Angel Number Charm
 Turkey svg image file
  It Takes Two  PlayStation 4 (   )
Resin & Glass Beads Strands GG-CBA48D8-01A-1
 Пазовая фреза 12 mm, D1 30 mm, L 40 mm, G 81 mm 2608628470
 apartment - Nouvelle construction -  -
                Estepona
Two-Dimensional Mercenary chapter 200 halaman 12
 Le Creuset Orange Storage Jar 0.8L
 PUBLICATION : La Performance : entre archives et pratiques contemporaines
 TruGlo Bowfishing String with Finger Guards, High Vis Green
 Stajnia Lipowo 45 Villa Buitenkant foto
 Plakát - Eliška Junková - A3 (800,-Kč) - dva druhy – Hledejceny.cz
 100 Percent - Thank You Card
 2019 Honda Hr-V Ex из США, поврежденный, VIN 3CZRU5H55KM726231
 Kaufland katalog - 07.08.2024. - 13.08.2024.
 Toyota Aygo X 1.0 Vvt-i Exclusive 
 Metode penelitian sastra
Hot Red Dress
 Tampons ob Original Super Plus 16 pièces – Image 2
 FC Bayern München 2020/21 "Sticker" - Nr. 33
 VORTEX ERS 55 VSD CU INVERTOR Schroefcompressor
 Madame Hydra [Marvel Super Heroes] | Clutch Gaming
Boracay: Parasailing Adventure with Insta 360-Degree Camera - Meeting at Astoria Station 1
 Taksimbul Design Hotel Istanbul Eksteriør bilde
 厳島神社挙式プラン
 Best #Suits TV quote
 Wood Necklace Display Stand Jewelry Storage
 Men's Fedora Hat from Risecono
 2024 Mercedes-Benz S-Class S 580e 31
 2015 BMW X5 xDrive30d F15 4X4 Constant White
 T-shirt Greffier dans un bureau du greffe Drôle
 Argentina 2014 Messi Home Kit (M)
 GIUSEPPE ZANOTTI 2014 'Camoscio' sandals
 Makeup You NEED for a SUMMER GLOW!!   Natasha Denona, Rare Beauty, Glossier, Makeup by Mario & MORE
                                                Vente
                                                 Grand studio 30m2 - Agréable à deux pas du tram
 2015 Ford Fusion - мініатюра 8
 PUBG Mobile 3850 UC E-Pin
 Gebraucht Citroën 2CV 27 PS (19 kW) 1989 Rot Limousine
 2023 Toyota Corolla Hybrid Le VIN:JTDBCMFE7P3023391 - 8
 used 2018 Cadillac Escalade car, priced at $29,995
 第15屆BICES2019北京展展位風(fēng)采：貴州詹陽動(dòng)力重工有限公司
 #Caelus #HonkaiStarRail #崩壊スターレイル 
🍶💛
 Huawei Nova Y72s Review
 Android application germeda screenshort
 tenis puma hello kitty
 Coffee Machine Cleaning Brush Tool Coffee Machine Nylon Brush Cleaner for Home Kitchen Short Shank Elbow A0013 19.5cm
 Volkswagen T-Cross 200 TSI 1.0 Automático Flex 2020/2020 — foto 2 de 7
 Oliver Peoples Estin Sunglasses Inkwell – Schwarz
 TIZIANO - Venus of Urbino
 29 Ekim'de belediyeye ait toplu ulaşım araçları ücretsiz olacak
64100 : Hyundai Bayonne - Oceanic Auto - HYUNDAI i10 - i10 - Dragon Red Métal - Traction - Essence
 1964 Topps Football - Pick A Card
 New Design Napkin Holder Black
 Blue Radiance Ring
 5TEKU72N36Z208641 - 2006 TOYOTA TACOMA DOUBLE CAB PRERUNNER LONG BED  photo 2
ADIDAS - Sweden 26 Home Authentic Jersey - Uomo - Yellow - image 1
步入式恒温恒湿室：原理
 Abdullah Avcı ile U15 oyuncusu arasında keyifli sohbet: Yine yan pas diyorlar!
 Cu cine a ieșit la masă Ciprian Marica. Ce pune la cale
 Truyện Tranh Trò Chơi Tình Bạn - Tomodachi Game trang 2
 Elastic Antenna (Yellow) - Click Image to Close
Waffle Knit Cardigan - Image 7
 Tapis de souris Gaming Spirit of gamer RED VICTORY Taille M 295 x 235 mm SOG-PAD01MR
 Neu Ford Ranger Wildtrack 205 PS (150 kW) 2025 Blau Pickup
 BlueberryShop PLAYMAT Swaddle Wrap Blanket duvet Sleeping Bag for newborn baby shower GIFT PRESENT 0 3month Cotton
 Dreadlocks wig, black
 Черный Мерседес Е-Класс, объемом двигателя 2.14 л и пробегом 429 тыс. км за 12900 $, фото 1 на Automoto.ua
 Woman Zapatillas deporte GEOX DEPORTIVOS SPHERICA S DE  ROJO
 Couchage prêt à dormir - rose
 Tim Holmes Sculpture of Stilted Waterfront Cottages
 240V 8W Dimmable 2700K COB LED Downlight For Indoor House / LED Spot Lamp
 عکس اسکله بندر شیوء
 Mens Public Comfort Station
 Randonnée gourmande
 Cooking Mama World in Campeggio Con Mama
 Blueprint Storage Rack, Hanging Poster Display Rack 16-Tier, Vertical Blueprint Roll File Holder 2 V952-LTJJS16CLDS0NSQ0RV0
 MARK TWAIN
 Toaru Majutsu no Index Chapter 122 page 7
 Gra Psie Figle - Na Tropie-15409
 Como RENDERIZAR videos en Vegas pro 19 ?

*-*-*

**ACTION ITEM**.
Nothing is to be left out; reproduce each record exactly.

**ANSWER SECTION**.
Angel Number Charm
 Turkey svg image file
  It Takes Two  PlayStation 4 (   )
Resin & Glass Beads Strands GG-CBA48D8-01A-1
 Пазовая фреза 12 mm, D1 30 mm, L 40 mm, G 81 mm 2608628470
 apartment - Nouvelle construction -  -
                Estepona
Two-Dimensional Mercenary chapter 200 halaman 12
 Le Creuset Orange Storage Jar 0.8L
 PUBLICATION : La Performance : entre archives et pratiques contemporaines
 TruGlo Bowfishing String with Finger Guards, High Vis Green
 Stajnia Lipowo 45 Villa Buitenkant foto
 Plakát - Eliška Junková - A3 (800,-Kč) - dva druhy – Hledejceny.cz
 100 Percent - Thank You Card
 2019 Honda Hr-V Ex из США, поврежденный, VIN 3CZRU5H55KM726231
 Kaufland katalog - 07.08.2024. - 13.08.2024.
 Toyota Aygo X 1.0 Vvt-i Exclusive 
 Metode penelitian sastra
Hot Red Dress
 Tampons ob Original Super Plus 16 pièces – Image 2
 FC Bayern München 2020/21 "Sticker" - Nr. 33
 VORTEX ERS 55 VSD CU INVERTOR Schroefcompressor
 Madame Hydra [Marvel Super Heroes] | Clutch Gaming
Boracay: Parasailing Adventure with Insta 360-Degree Camera - Meeting at Astoria Station 1
 Taksimbul Design Hotel Istanbul Eksteriør bilde
 厳島神社挙式プラン
 Best #Suits TV quote
 Wood Necklace Display Stand Jewelry Storage
 Men's Fedora Hat from Risecono
 2024 Mercedes-Benz S-Class S 580e 31
 2015 BMW X5 xDrive30d F15 4X4 Constant White
 T-shirt Greffier dans un bureau du greffe Drôle
 Argentina 2014 Messi Home Kit (M)
 GIUSEPPE ZANOTTI 2014 'Camoscio' sandals
 Makeup You NEED for a SUMMER GLOW!!   Natasha Denona, Rare Beauty, Glossier, Makeup by Mario & MORE
                                                Vente
                                                 Grand studio 30m2 - Agréable à deux pas du tram
 2015 Ford Fusion - мініатюра 8
 PUBG Mobile 3850 UC E-Pin
 Gebraucht Citroën 2CV 27 PS (19 kW) 1989 Rot Limousine
 2023 Toyota Corolla Hybrid Le VIN:JTDBCMFE7P3023391 - 8
 used 2018 Cadillac Escalade car, priced at $29,995
 第15屆BICES2019北京展展位風(fēng)采：貴州詹陽動(dòng)力重工有限公司
 #Caelus #HonkaiStarRail #崩壊スターレイル 
🍶💛
 Huawei Nova Y72s Review
 Android application germeda screenshort
 tenis puma hello kitty
 Coffee Machine Cleaning Brush Tool Coffee Machine Nylon Brush Cleaner for Home Kitchen Short Shank Elbow A0013 19.5cm
 Volkswagen T-Cross 200 TSI 1.0 Automático Flex 2020/2020 — foto 2 de 7
 Oliver Peoples Estin Sunglasses Inkwell – Schwarz
 TIZIANO - Venus of Urbino
 29 Ekim'de belediyeye ait toplu ulaşım araçları ücretsiz olacak
64100 : Hyundai Bayonne - Oceanic Auto - HYUNDAI i10 - i10 - Dragon Red Métal - Traction - Essence
 1964 Topps Football - Pick A Card
 New Design Napkin Holder Black
 Blue Radiance Ring
 5TEKU72N36Z208641 - 2006 TOYOTA TACOMA DOUBLE CAB PRERUNNER LONG BED  photo 2
ADIDAS - Sweden 26 Home Authentic Jersey - Uomo - Yellow - image 1
步入式恒温恒湿室：原理
 Abdullah Avcı ile U15 oyuncusu arasında keyifli sohbet: Yine yan pas diyorlar!
 Cu cine a ieșit la masă Ciprian Marica. Ce pune la cale
 Truyện Tranh Trò Chơi Tình Bạn - Tomodachi Game trang 2
 Elastic Antenna (Yellow) - Click Image to Close
Waffle Knit Cardigan - Image 7
 Tapis de souris Gaming Spirit of gamer RED VICTORY Taille M 295 x 235 mm SOG-PAD01MR
 Neu Ford Ranger Wildtrack 205 PS (150 kW) 2025 Blau Pickup
 BlueberryShop PLAYMAT Swaddle Wrap Blanket duvet Sleeping Bag for newborn baby shower GIFT PRESENT 0 3month Cotton
 Dreadlocks wig, black
 Черный Мерседес Е-Класс, объемом двигателя 2.14 л и пробегом 429 тыс. км за 12900 $, фото 1 на Automoto.ua
 Woman Zapatillas deporte GEOX DEPORTIVOS SPHERICA S DE  ROJO
 Couchage prêt à dormir - rose
 Tim Holmes Sculpture of Stilted Waterfront Cottages
 240V 8W Dimmable 2700K COB LED Downlight For Indoor House / LED Spot Lamp
 عکس اسکله بندر شیوء
 Mens Public Comfort Station
 Randonnée gourmande
 Cooking Mama World in Campeggio Con Mama
 Blueprint Storage Rack, Hanging Poster Display Rack 16-Tier, Vertical Blueprint Roll File Holder 2 V952-LTJJS16CLDS0NSQ0RV0
 MARK TWAIN
 Toaru Majutsu no Index Chapter 122 page 7
 Gra Psie Figle - Na Tropie-15409
 Como RENDERIZAR videos en Vegas pro 19 ?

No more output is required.